This vignette is the description of algorithm in this package and the correctness check via simulation experiment. The algorithm of this package comes from Moschopoulos Peter G. (1985). This vignette also give some useful informations.
Assume that we have several random variables, \(X_1, ..., X_n\), and all random variables follow gamma distribution independently with shape parameters \(\alpha_i\) and scale parameters \(\beta_i\), where \(i = 1, ..., n\). Then, the density of \(Y = X_1 + ... + X_n\) can be expressed as:
\[g(y) = C \sum_{k=0}^{\infty} \lambda_k y^{\rho + k - 1} e^{-y/\beta_1} / (\Gamma(\rho + k) \beta_{1}^{\rho + k})\]
And the distribution function \(G(w)=Pr(Y<w)\) is expressed as:
\[G(w) = C \sum_{k=0}^{\infty} \lambda_k \int_{0}^{w} (y^{\rho + k - 1} e^{-y/\beta_1} / (\Gamma(\rho + k) \beta_{1}^{\rho + k})) dy\]
The integrate in this formula is incomplete gamma function and can be calculated by distribution function of gamma distribution.
More details about this algorithm can be found in paper of Moschopoulos Peter G. (1985).
Assume that we have two random variables, \(X_1\) and \(X_2\), where \(X_1\) is a gamma distribution with shape parameter \(3\), and rate parameter \(2\), and \(X_2\) is a gamma distribution with shape parameter \(4\), and rate parameter \(3\). The density and distribution funciton of \(Y = X_1 + X_2\) will be calculated.
Correctness check for density function:
y <- rcoga(1000000, c(3,4), c(2,3))
grid <- seq(0, 8, length.out=1000)
pdf <- dcoga(grid, shape=c(3, 4), rate=c(2, 3))

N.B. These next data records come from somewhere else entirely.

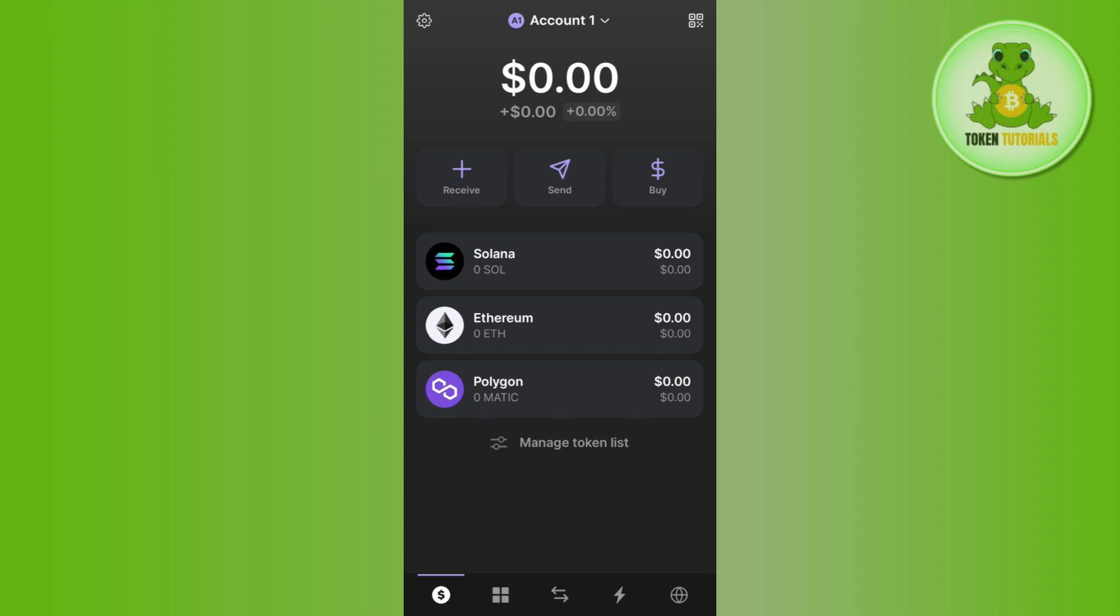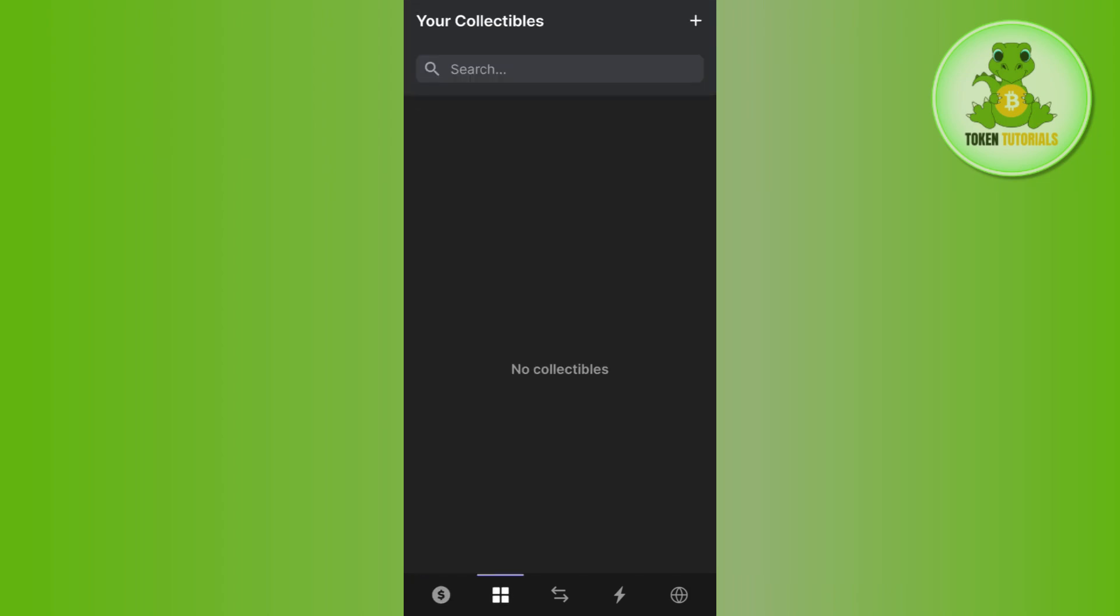Once you're on the home page, you'll see various options at the bottom. Among these options, tap on the second tab or the square icon at the bottom. Once you do this, you'll land on the collectibles page where you'll see all of your NFTs.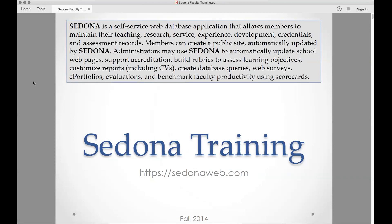So a few things about Sedona. How many of you have never even been into Sedona? One of the questions we had was how do you even access Sedona. You will get a copy of this PowerPoint — it was used when we transitioned to Sedona back in 2014. You go to https://sedonaweb.com. If you have a device, feel free to follow along.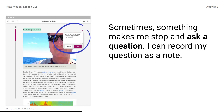Sometimes something makes me stop and ask a question. I can record my question as a note. Students, read the first paragraph. Stop after the sentence that ends with: powerful microphones that are built to travel deep underwater.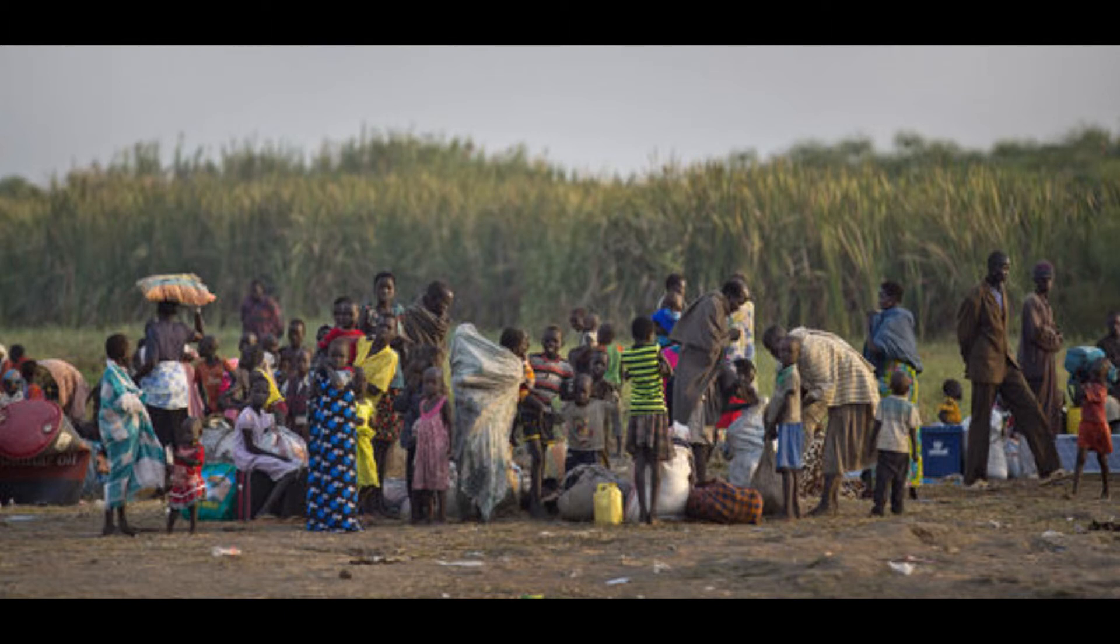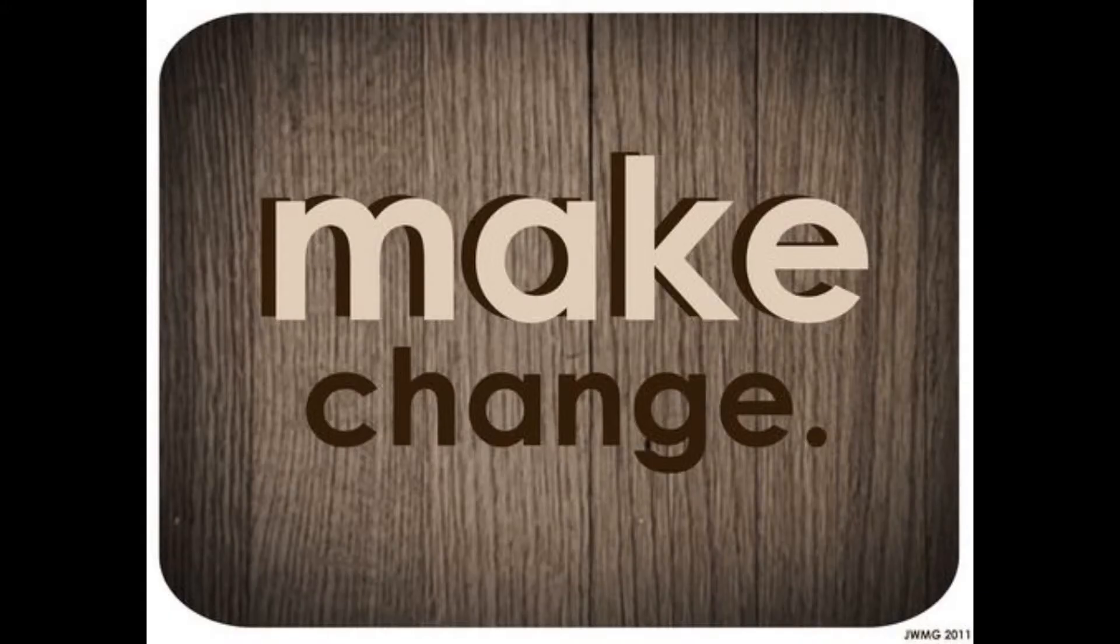So make the change. Not just for you, but for everybody else around you.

plot(density(y), col="blue")
lines(grid, pdf, col="red")
Correctness check for distribution function:
y <- rcoga(1000000, c(3,4), c(2,3))
grid <- seq(0, 8, length.out=1000)
cdf <- pcoga(grid, shape=c(3, 4), rate=c(2, 3))
plot(ecdf(y), col="blue")
lines(grid, cdf, col="red")
The ‘dcoga’ and ‘pcoga’ functions in this package ‘coga’ is based on Cpp code. The following experiment shows the advantage of Cpp code, which runs on a Intel(R) Core(TM) i7-4870HQ CPU @ 2.50GHz computer.

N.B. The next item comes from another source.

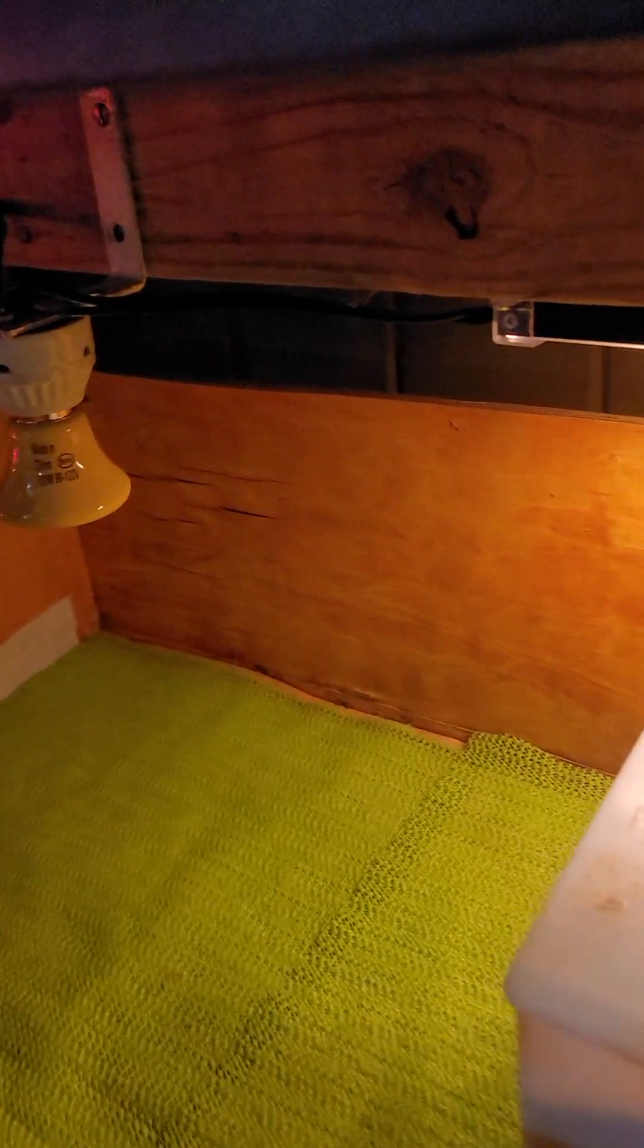It also keeps any predators or anything because I have a screen that goes over top of this from getting in here. But since this is in my shop and the shop is closed and locked, it doesn't really have any issues.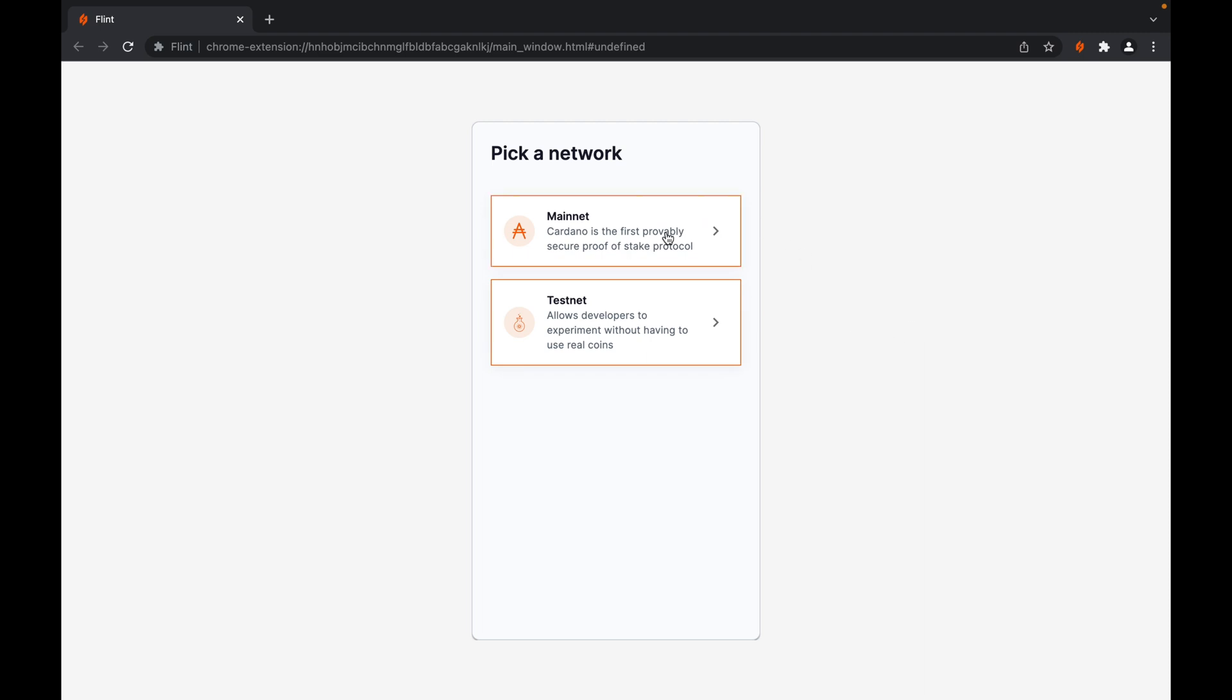Should you select the mainnet option, you'll be working with real-world cryptocurrencies like ADA, and this would involve some real-world costs. Should you select the testnet option, you'll be working with test tokens with no value. For beginners, we highly encourage that you go with the testnet option first.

grid <- seq(0, 15, length.out=10)
microbenchmark::microbenchmark(
dcoga(grid, shape=c(3,4,5), rate=c(2,3,4)),
coga:::dcoga.R(grid, shape=c(3,4,5), rate=c(2,3,4)),
pcoga(grid, shape=c(3,4,5), rate=c(2,3,4)),
coga:::pcoga.R(grid, shape=c(3,4,5), rate=c(2,3,4))
)
## Unit: milliseconds
## expr min
## dcoga(grid, shape = c(3, 4, 5), rate = c(2, 3, 4)) 1.317128
## coga:::dcoga.R(grid, shape = c(3, 4, 5), rate = c(2, 3, 4)) 40.042678
## pcoga(grid, shape = c(3, 4, 5), rate = c(2, 3, 4)) 4.266748
## coga:::pcoga.R(grid, shape = c(3, 4, 5), rate = c(2, 3, 4)) 50.086309
## lq mean median uq max neval
## 1.420452 1.922557 1.606208 1.866404 22.05880 100
## 43.311773 52.665573 46.301379 62.560726 113.68096 100
## 4.955067 5.783562 5.157502 5.749830 27.32323 100
## 53.192434 65.423030 58.647805 76.481842 118.76037 100
Please take care of that dcoga
, and pcoga
in this package can handle different lengths of parameter shape
and rate
by recycling shorter parameter. That means that dcoga(3, c(2,3), c(3,4,5,3,4))
and dcoga(3, c(2,3,2,3,2), c(3,4,5,3,4))
will give the same result.
[1] Moschopoulos, Peter G. “The distribution of the sum of independent gamma random variables.” Annals of the Institute of Statistical Mathematics 37.1 (1985): 541-544.